Wednesday06 July 2022

Okta now says Lapsus$ only had 25 Minutes of Fame with Two Clients

Reading time is around minutes.

The breach of IDAM group Okta in January by the self-promoting group Lapsus$ amidst other high-profile breaches and data leaks this year was a significant concern. The concern rose because when the incident first happened, Okta passed it off as an unsuccessful attempt to breach a third-party vendor’s system that had access to Okta systems. However, in March the Lapsus$ group released screenshots of internal systems including what appeared to be Okta’s superuser system.

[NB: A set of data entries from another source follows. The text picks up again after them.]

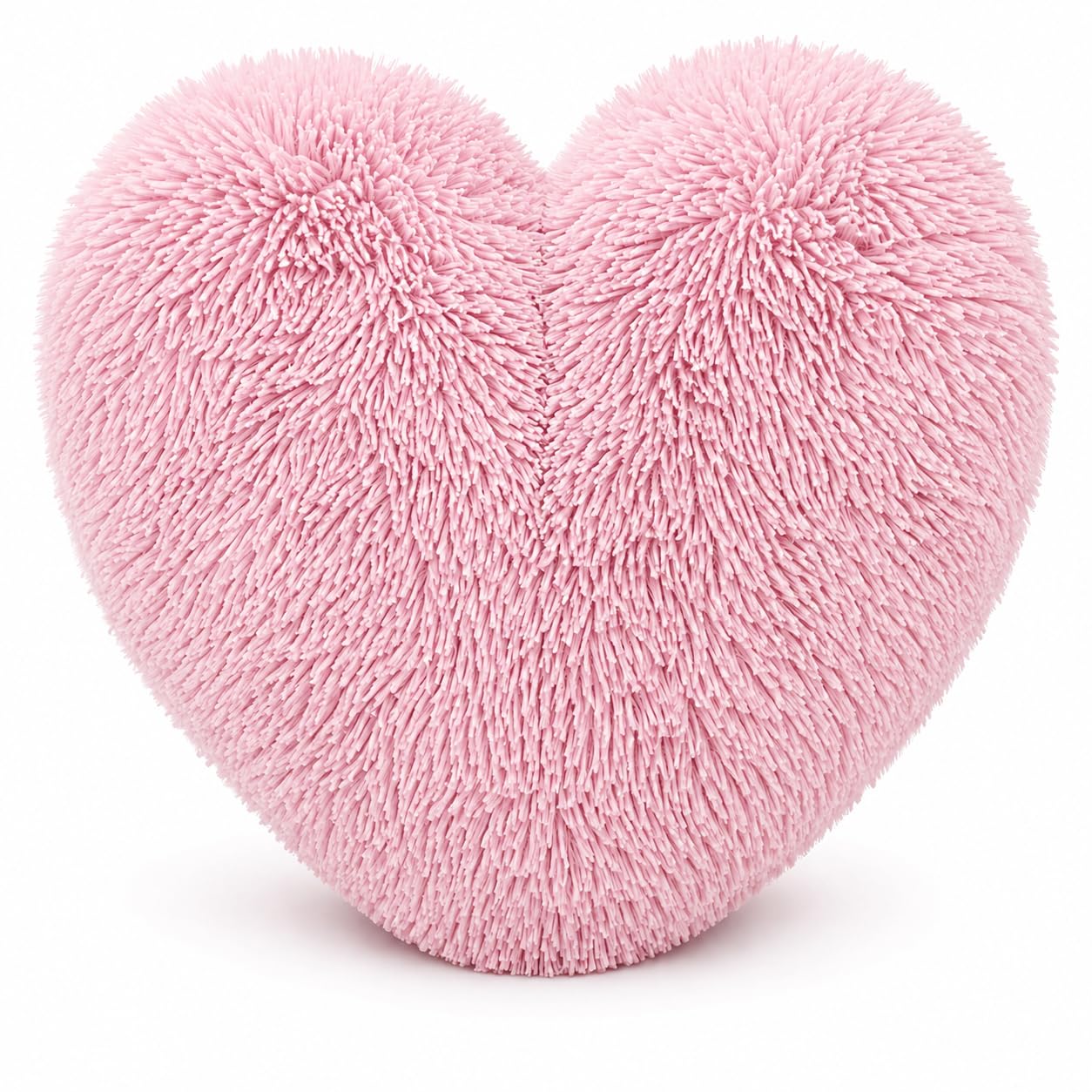 Nightzone Pink Teddy Cuddles Heart Shape 3D Fleece Filled Cushion Soft Comfortable Warm & Cozy Home Decor Size 38Cm 100% Polyester Teddy Heart (Pink)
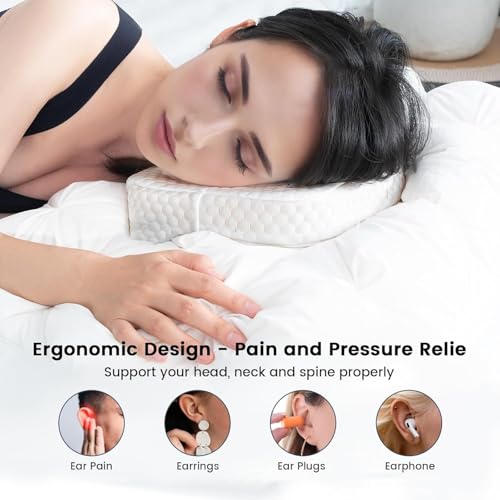 Coussin de piercing d'oreille carré pour dormir de côté sans gêne - 6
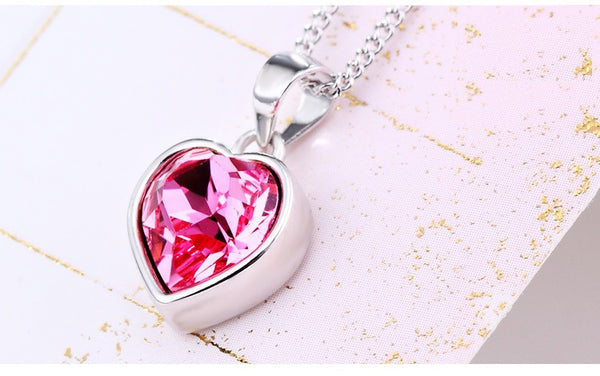 NLFA121 Classical Heart Classical Love Pendant Necklace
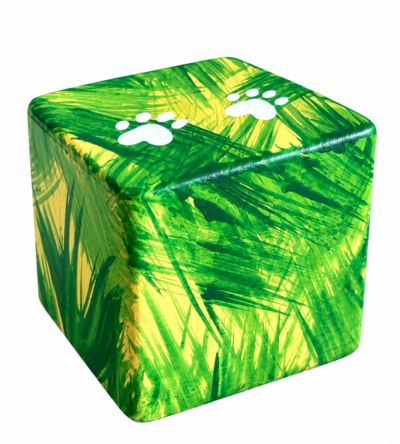 URNA CINERARIA CUBO VERDE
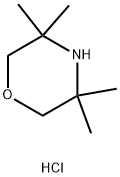 Morpholine, 3,3,5,5-tetramethyl-, hydrochloride (1:1) Structure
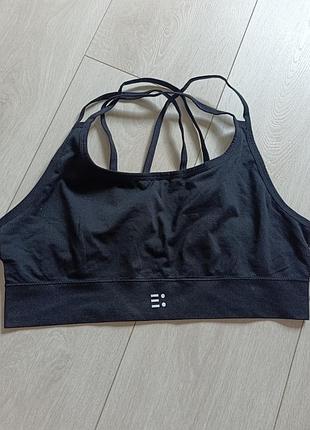 Чорний базовий топ спортивний f&f active l xl  80c 80d 85b 85c
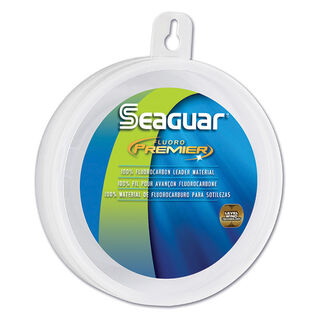 Fluorocarbon Premier Leader Material, Flourescent Clear/Blue, 25 yds.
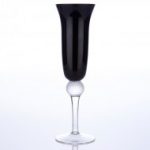 Black Crystal Champagne Flute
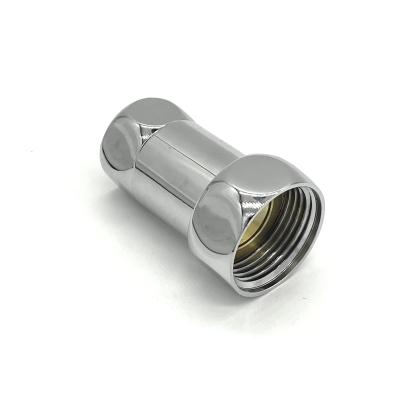 China Widely Used Vent Connection Special Design Brass Polished Chrome Transition Air Gas Female-Female Hose Fitting for sale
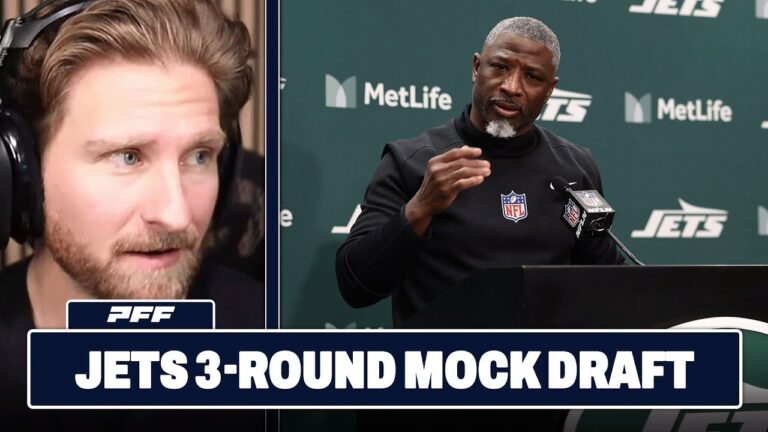 New York Jets 3-Round Mock Draft PFF NFL Show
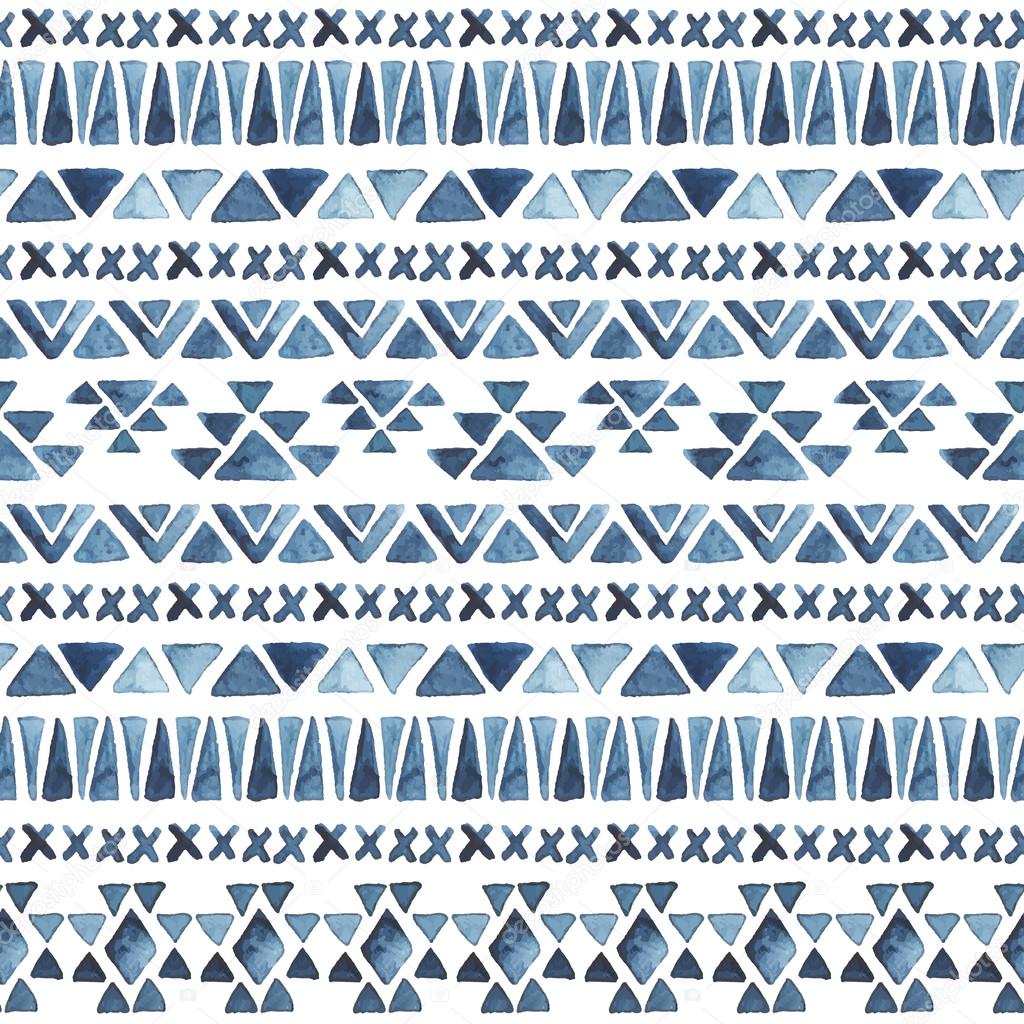 Seamless aztec pattern. Stock Illustration by ©Viktory_S #55278399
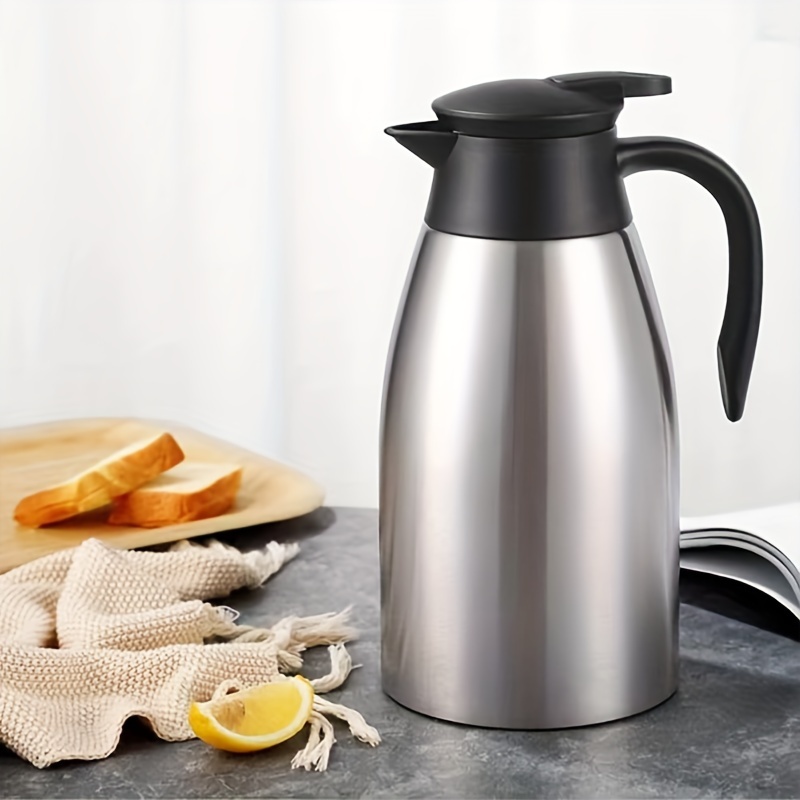 Portable 304 Stainless Steel European Style Vacuum Insulation Pot Household  Coffee Pot Cold Water Kettle Hot Water Pot Thermos Cold Kettle Thermos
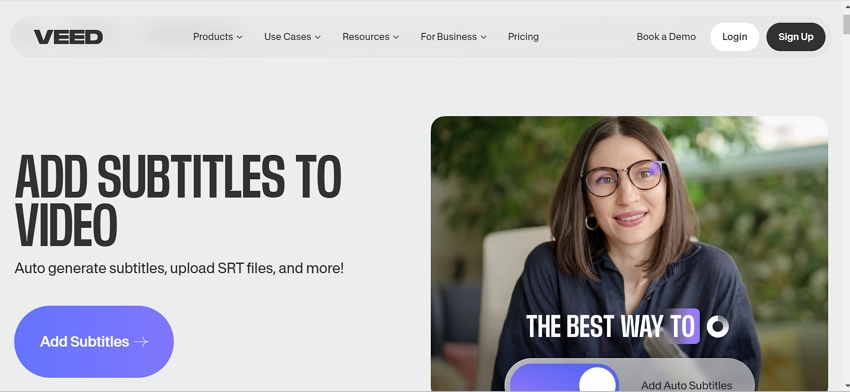 guía de video de veed para subtítulos en inglés 1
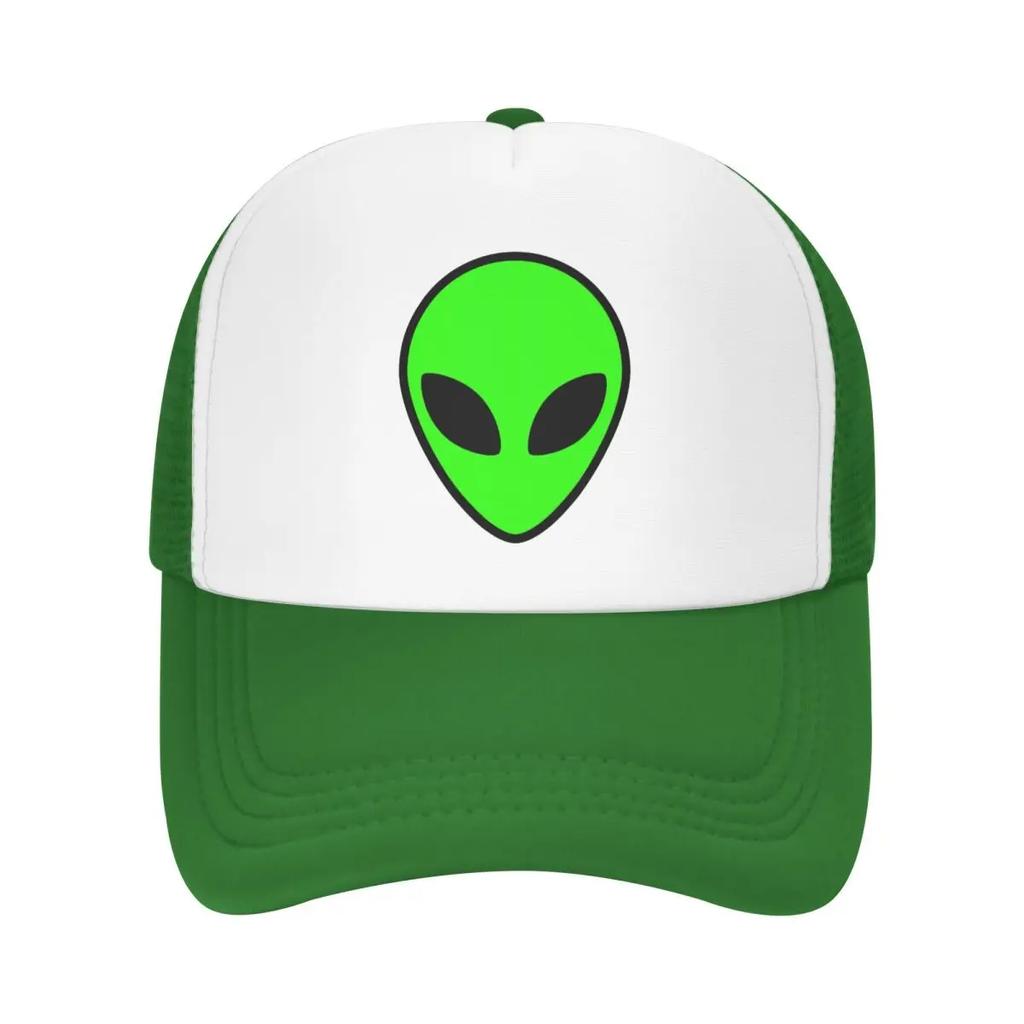 Custom Classic Space Alien Baseball Cap for Unisex Women Breathable Trucker Hat Sports Snapback Hats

Things quickly made an abrupt turn as Okta and offered up a few explanations for the delay in their own internal investigation of the incident. Now the story was that a third-party support engineer at Sitel had their system compromised by Lapsus$ and their reach impacted roughly 366 Okta clients. The reason that Okta did not disclose this sooner was that they did not have the final report from Sitel before the release of the screenshots. New information from Okta and Sitel, at the time, now indicated that Lapsus$ had five days’ worth of access in Okta’s systems.

But wait, there’s more. Now Okta has finally completed their own internal forensic investigation of the initial event. This investigation is something that many feel should have been done as soon as Okta identified the unauthorized access back in January. The results of Okta’s own forensic investigation are very different than the March disclosures. Now they are saying that while Lapsus$ did have access to a small number of internal systems they only had that access for about 25 minutes. Okta further states that during this 25-minute period Lapsus$ was only able to make significant changes to two confirmed clients. Okta has notified these clients separately (as they should). In their transparency post on April 19th Okta says.

“During that limited window of time, the threat actor accessed two active customer tenants within the SuperUser application (whom we have separately notified), and viewed limited additional information in certain other applications like Slack and Jira that cannot be used to perform actions in Okta customer tenants.”

Okta is vowing to make some significant changes, especially in the area of vendor relationships. They have terminated their relationship with Sitel over this incident and the way it was handled by Sitel including the delay in reporting the findings of the Sitel investigation. They are also going to adopt a long overdue zero trust program with their “sub-processors” moving forward. They will also require vendors to use Okta’s own IDAM. Okta, after terminating the relationship with Sitel, is bringing the management of customer support devices in-house.

“Okta will now directly manage all devices of third parties that access our customer support tools, providing the necessary visibility to effectively respond to security incidents without relying on a third party. This will enable us to significantly reduce response times and report to customers with greater certainty on actual impact, rather than potential impact”

Sitel states that the breach was due to a legacy system in use by an acquired company, Sykes. The use of this system appears to be the root cause of the compromise of the support engineer’s device and all the trouble that followed.

The question we have for all of this is, if Lapsus$ had not posted screenshots, would we know any of these details? Okta played the original incident off as completely unsuccessful; Sitel/Sykes delayed the release of their findings to Okta and Okta only made public statements about the incident after the screenshots were public. Okta says they will adopt new communication practices for clients which might mean more transparency, but we will not hold our breath on that.

The Okta/Sitel incident does highlight something though at Okta and other companies. There seems to be a lack of proper vendor management present. Had Okta had proper policies to respond to a vendor issue, all the mess would have been avoided. Okta is moving to fill those gaps now, but there is going to be a cost in client trust. All companies should have systems and policies in place to assess and manage vendor risk. They should also monitor any and all vendor access into their environments, if they identify a possible issue with one, they should immediately begin their own independent and concurrent investigation to assess any impact. This should have been a lesson learned from incidents like the Oracle and Visual One support breaches, and even the Target breach, yet here we are seeing a secure access management company fall victim to the same things.

We do hope that this event makes positive changes at Okta, but we also hope this is an eye opener for other companies to assess their one third-party risk and for third-party service providers to review their systems and internal processes to ensure they are not putting their clients at un-due risk.